Osho tells us that the physical body and each of the subtle bodies has its own symbols of dreaming and its own reality. Some experiences are significant signposts along the journey towards truth. Over the years I have had many wonderful experiences in either a dream, an altered state of consciousness or a meditation, and I have often wondered about the reality of these experiences. There have been countless times where the experience was so intense and so real it had to be more than a construct of my imagination. For example:

In a dream last night there was the symbology of an inner landscape. The dream started with back street market stalls. In one stall there are tree seedlings on display. Their beauty attracts me to a doorway at the back of the shop, which gives me a view from the top of a hill over a rocky hillside down to a plain and out to the ocean. The scene is too beautiful for me to fully grasp and I just cry at the awesome beauty. Now I understand that the symbology represents a glimpse of the 'energy' of my inner world.

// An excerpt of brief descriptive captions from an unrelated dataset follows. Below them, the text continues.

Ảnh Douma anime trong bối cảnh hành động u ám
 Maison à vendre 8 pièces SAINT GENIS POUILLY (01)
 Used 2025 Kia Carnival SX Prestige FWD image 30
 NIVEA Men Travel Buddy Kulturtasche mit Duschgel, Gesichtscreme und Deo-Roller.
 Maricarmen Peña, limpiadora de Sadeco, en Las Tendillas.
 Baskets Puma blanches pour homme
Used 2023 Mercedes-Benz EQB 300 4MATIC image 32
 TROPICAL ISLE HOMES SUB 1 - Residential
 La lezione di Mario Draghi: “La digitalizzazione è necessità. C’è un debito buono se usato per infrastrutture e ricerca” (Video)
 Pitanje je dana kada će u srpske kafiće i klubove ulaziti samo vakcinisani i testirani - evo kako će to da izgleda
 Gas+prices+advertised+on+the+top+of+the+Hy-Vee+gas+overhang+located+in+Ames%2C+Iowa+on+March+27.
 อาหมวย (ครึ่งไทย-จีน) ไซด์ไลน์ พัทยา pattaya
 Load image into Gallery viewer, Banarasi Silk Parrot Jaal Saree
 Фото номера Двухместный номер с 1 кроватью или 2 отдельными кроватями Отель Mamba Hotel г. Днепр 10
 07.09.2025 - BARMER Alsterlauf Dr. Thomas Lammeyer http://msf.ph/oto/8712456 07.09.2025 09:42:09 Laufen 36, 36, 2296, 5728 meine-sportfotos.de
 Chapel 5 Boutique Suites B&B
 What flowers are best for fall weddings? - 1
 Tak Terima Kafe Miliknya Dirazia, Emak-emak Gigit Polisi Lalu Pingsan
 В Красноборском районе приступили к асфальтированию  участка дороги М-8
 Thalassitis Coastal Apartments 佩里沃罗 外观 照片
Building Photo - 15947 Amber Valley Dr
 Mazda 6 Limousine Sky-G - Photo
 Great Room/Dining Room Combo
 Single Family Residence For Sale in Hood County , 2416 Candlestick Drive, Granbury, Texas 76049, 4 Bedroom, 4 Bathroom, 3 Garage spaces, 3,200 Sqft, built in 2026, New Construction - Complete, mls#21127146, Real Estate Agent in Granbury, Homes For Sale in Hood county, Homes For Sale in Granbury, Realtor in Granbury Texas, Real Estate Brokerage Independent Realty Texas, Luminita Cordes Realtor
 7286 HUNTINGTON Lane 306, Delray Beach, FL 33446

In a number of breathwork meditations I experienced an intense feeling of love for Osho and an old lover, Viharo. The love is so intense that it is experienced as being too beautiful. It is almost too painful to experience, it brings tears to my eyes and hurts my heart. The difficulty I face in relaxing totally into these types of experiences is probably because of painful memories that have not been healed, hence when the kundalini energy moves it becomes blocked at a chakra causing pain.

I have also had many dreams of being in love with 'old lovers' usually Viharo. There is such an intense and overwhelming feeling of love in the dream that sometimes the feeling stays with me for the day. Interestingly enough I don't have this feeling for these women in the waking state. Now I understand that the dream imagery, once again is symbolic and a way of interpreting the love energy that is within me. The challenge that faces me now is to find a way to integrate these inner experiences with that of the everyday waking reality.

The movement of the kundalini energy will be experienced differently for everyone and the way that it is experienced will be coloured by our model of the world. So for some Indians, where the serpent was a potent symbol and everyday occurrence it came to represent the kundalini energy stored at the first chakra. Snakes however, were not a part of Buddha's world during his life as a prince as much as flowers, so Buddha uses the symbol of the flower to represent the kundalini energy.

To try and use a symbol from another culture or era, is to impose something upon ourselves that is not meaningful. It is 'borrowed knowledge' and not our personal experience of truth. We must learn to recognise and understand the symbols that our subtle bodies present to us, as being a representation of the divine territory.